Required work
Of the entries below, return only those lines from the line with "Una foto mostra" to the line with "El nuevo toldo", exactly, both included.
=== Begin Enclosure ===
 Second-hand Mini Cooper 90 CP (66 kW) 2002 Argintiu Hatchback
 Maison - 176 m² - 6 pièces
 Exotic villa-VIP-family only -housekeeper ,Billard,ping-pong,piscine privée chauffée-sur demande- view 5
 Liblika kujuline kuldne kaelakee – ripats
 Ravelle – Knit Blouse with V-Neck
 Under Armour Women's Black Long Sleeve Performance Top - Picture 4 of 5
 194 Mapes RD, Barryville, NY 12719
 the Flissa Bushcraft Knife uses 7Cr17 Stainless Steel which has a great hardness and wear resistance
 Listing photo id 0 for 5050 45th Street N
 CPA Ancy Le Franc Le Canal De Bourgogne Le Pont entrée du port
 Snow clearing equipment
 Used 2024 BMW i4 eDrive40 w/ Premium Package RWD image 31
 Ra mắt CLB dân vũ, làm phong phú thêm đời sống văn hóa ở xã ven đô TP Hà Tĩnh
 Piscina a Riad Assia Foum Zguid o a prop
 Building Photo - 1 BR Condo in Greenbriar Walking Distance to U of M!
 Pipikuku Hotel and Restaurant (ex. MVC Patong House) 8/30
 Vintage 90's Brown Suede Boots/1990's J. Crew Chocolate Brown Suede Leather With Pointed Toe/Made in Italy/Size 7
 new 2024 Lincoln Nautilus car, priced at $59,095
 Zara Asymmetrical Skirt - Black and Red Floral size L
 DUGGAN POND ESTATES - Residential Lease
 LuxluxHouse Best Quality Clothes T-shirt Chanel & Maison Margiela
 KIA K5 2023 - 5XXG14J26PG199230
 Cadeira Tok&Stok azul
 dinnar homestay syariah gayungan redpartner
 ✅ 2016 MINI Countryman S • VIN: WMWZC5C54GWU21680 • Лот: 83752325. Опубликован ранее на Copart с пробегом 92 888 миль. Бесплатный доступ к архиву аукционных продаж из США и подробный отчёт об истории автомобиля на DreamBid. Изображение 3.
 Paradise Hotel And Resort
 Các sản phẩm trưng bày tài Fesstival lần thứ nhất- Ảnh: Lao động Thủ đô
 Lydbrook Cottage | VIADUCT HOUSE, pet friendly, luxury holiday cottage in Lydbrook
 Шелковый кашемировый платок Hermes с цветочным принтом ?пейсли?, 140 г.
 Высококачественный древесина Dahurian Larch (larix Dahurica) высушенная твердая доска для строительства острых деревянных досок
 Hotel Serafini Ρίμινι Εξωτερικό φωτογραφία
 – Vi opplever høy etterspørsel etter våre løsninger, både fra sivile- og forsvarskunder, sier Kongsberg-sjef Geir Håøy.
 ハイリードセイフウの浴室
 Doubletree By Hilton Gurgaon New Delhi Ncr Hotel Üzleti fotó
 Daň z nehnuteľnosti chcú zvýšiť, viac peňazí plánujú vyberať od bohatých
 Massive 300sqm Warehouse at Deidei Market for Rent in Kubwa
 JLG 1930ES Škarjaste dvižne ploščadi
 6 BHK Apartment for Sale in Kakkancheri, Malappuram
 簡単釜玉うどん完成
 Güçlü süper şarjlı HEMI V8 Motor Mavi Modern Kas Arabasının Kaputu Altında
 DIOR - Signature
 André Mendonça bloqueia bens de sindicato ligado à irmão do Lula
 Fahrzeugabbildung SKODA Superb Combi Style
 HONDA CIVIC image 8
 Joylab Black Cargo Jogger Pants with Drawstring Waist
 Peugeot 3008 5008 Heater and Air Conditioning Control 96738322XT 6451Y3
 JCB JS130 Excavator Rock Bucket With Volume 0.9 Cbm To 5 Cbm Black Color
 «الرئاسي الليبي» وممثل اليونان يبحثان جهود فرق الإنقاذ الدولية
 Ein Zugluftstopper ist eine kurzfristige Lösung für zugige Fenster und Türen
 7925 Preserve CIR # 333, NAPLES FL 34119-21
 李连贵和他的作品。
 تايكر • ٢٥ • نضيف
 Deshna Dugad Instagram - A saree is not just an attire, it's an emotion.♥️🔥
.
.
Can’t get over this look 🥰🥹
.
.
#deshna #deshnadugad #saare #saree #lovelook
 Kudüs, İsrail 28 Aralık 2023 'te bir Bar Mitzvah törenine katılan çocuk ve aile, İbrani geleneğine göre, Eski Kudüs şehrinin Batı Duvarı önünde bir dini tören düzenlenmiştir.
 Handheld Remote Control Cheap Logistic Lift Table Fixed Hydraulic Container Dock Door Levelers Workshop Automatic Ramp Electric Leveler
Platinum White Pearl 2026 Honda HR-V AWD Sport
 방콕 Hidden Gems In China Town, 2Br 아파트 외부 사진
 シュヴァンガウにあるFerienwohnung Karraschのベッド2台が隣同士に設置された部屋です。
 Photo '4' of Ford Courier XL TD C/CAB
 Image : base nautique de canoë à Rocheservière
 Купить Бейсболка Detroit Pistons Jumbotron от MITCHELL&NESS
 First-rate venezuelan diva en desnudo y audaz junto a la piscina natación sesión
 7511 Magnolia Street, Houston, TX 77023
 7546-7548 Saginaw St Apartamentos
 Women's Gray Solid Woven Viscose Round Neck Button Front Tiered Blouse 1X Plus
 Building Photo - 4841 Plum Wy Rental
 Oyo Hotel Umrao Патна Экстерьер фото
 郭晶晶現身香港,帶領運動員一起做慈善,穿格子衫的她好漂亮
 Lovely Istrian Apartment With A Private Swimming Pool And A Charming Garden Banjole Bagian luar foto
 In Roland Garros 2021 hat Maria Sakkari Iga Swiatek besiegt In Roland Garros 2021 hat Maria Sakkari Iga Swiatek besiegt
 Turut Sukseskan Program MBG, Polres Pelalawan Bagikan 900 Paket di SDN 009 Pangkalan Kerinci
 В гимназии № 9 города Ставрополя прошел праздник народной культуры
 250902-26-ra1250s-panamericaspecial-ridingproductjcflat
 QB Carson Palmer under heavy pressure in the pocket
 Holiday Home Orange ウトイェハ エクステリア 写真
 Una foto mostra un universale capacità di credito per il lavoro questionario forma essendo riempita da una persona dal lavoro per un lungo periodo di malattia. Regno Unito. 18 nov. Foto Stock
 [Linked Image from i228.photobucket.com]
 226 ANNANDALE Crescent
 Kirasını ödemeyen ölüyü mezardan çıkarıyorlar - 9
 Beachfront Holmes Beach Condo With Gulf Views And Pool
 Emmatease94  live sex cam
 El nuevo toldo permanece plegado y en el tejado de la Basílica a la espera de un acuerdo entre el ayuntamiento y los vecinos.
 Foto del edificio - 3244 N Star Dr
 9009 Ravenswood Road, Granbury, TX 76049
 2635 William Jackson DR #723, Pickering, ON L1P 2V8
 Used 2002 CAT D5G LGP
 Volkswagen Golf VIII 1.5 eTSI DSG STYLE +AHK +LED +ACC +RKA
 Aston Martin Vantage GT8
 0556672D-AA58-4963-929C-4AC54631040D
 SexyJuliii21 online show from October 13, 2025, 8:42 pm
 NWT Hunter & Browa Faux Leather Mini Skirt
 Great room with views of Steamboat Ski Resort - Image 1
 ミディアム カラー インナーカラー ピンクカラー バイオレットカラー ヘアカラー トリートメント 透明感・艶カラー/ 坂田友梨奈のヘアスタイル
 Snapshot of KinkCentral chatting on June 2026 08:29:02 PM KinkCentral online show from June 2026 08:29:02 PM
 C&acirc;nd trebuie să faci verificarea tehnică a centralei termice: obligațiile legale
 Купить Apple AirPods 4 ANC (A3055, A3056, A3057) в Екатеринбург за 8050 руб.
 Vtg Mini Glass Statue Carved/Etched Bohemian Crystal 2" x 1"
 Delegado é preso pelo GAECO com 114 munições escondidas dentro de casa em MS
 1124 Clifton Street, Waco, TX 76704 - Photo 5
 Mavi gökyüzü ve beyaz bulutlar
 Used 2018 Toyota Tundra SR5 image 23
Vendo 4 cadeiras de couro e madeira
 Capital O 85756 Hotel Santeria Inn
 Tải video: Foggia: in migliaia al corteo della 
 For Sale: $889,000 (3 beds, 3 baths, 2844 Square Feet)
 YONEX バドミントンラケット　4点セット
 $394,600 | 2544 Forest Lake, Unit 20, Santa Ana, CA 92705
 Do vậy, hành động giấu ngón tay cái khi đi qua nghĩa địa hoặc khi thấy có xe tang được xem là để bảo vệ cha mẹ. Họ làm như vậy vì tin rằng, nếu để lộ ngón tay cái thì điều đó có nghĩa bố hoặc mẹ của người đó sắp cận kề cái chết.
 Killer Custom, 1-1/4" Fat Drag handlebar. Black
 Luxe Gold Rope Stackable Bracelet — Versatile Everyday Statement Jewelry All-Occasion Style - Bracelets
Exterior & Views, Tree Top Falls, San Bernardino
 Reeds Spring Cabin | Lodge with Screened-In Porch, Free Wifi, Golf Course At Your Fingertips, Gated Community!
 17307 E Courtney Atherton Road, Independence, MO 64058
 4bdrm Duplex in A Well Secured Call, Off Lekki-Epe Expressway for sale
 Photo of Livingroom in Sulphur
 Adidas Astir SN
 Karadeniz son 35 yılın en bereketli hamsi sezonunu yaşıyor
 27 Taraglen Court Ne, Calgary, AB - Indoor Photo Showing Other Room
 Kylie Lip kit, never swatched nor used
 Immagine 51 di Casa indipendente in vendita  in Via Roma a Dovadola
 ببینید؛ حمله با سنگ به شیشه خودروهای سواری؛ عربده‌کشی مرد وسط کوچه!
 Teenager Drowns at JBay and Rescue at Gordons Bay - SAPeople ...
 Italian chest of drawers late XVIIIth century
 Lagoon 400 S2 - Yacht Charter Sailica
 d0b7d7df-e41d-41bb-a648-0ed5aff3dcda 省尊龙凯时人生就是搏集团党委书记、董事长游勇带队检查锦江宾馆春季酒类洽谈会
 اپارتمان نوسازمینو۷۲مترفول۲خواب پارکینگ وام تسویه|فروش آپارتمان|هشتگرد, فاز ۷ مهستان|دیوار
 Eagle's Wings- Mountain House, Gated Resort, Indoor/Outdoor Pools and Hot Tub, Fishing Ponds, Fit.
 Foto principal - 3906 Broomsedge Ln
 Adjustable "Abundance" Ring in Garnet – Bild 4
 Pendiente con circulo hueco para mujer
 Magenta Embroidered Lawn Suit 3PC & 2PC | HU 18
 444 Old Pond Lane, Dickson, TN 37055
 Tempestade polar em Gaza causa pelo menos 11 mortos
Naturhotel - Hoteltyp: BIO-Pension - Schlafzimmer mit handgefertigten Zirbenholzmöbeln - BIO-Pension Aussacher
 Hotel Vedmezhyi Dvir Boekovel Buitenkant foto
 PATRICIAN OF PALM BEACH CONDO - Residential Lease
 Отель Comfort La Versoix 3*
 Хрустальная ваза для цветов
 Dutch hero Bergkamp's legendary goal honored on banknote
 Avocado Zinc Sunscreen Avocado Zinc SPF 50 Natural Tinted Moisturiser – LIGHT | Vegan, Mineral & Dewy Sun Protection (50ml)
=== End Enclosure ===
Solution to this task
 Una foto mostra un universale capacità di credito per il lavoro questionario forma essendo riempita da una persona dal lavoro per un lungo periodo di malattia. Regno Unito. 18 nov. Foto Stock
 [Linked Image from i228.photobucket.com]
 226 ANNANDALE Crescent
 Kirasını ödemeyen ölüyü mezardan çıkarıyorlar - 9
 Beachfront Holmes Beach Condo With Gulf Views And Pool
 Emmatease94  live sex cam
 El nuevo toldo permanece plegado y en el tejado de la Basílica a la espera de un acuerdo entre el ayuntamiento y los vecinos.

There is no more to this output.